While I commend Giannis Antetoukounmpo for his attitude on staying with the team that drafted him and building a winning culture, it’s practically an anomaly in today’s era. Stephen Curry, thus far, has played every season of his career for the Warriors, but he gladly stepped aside to allow Durant to come in and tip the scales in their favor from 2017-18 to 2019-20. Antetoukounmpo’s best teammate during that same time was and still is Khris Middleton. Of course, I don’t hold that against Curry, but when Durant is the one winning two Finals MVPs while you’re considered the team leader, it’s clear Antetoukounmpo has had less help in that department. Durant left the Warriors system to team up with Kyrie Irving in Brooklyn and lead them to a championship; there is truth in Charles Barkley’s comments about being “the bus driver.” That’s why Curry and the Warriors’ fourth championship in eight seasons was an important narrative-shattering one. There are plenty of franchise stars looking to win a championship for their franchise; Jokić, Tatum, Embiid, Booker, Morant, Dončić, but it’s always uncertain and, nowadays, unlikely they stay with one team for their whole career.
This article isn’t to disparage the work done by the NBPA, the oldest trade union of the four major North American sports leagues, as they have accomplished quite a bit for player empowerment since its formation in 1954. However, it’s fair to say the players have gone too far with their entitled demands in the past decade. When LeBron James made a spectacle of his free agency decision in the summer of 2010 with The Decision, most players adopted a similar attitude. Recently, as in the case of Ben Simmons, it’s led to franchises overly coddling their star players, only to end up with eggs on their faces when those same players demand a trade. How can a franchise be expected to pay a guaranteed multi-million dollar salary for a player who demands a trade from the said franchise after not meeting expectations?
While it has led to unpredictable moves from franchises and players alike, the view of the NBA as a player’s league has contributed to older players and fans dismissing the accomplishments of what they view as ring-chasers. Twenty years ago, we reserved the term ring-chaser for older players granted a trade after several seasons of highly productive output or who left their team when their contract was up. However, with 28-year-old in their prime athletes hopping from team to team in the hopes of landing on a championship contender, the term can be applied league-wide.
Is that a bad thing? It’s tough to say, as people who enjoy the sport, such as myself, have gradually accepted this as a new reality. However, players have gotten significant backlash from fans and the media for these decisions, keeping the old-school “bus driver” mentality alive. Would I prefer to see the NBA go back to the ’90s when star players and their teams battled against other star players’ teams for basketball supremacy?
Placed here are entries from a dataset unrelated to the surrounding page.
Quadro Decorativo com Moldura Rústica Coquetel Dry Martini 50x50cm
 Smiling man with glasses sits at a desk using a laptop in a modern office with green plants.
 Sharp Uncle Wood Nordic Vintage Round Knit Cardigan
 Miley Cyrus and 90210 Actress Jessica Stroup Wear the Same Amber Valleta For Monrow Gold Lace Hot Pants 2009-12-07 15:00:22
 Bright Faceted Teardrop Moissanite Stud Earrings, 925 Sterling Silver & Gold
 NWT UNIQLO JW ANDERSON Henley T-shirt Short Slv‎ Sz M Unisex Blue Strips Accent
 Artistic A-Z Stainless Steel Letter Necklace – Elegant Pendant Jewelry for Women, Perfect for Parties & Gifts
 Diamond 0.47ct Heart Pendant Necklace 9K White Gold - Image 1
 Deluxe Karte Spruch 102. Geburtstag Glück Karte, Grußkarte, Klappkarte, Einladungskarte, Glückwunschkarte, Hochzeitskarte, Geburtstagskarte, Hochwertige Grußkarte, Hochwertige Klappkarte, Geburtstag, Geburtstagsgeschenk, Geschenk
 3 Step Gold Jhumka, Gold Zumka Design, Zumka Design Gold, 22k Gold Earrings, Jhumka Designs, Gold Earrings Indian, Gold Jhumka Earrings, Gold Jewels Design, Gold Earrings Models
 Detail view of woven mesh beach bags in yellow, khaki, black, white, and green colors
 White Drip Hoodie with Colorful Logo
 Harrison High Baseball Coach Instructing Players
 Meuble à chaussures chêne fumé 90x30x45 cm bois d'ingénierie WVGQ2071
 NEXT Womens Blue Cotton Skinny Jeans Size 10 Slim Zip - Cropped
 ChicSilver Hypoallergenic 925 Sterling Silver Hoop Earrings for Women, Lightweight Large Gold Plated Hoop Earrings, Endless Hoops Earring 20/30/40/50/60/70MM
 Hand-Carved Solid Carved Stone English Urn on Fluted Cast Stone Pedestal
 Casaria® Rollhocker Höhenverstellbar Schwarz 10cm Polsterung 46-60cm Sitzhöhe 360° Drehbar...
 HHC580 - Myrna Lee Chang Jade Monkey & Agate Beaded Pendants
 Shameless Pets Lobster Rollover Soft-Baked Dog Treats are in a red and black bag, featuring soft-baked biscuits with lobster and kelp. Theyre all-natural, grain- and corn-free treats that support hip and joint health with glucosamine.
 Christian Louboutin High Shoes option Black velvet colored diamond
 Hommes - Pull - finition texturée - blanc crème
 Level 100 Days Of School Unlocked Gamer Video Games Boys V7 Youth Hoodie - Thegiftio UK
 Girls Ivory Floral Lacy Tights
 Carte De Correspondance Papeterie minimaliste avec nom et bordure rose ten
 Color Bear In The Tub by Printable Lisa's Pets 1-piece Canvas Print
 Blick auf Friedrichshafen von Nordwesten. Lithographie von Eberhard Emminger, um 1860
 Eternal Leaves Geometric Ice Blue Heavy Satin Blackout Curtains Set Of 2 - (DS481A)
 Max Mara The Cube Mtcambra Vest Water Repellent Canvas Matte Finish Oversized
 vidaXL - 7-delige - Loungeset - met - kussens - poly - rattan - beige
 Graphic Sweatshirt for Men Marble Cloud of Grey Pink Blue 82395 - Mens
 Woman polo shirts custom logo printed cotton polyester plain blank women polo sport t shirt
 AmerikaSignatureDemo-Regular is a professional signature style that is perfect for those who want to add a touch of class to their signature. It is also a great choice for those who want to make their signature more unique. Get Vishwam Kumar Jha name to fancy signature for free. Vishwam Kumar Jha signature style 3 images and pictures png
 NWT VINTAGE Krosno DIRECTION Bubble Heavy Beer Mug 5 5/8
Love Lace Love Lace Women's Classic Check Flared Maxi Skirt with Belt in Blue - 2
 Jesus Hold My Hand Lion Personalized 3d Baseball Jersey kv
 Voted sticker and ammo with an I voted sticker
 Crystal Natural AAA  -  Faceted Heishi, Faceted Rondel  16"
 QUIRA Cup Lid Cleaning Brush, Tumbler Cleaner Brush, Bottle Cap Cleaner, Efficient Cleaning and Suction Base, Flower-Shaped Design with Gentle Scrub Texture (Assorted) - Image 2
Sure, but after decades of player empowerment, it’s unlikely to happen unless the NBA owners win negotiations against the NBPA. The strike-shortened seasons of 1998-99 and 2011-12 were significant wins for the NBPA, and owners do not want to lose money through inactivity. However, would they rather piss money away on ungrateful superstars demanding a trade to another team for a less-than-desirable trade package? It remains an unanswered question for now, but if we want to return to that old-school mentality, the new CBA must change the framework of contracts and the financial compensation of NBA players.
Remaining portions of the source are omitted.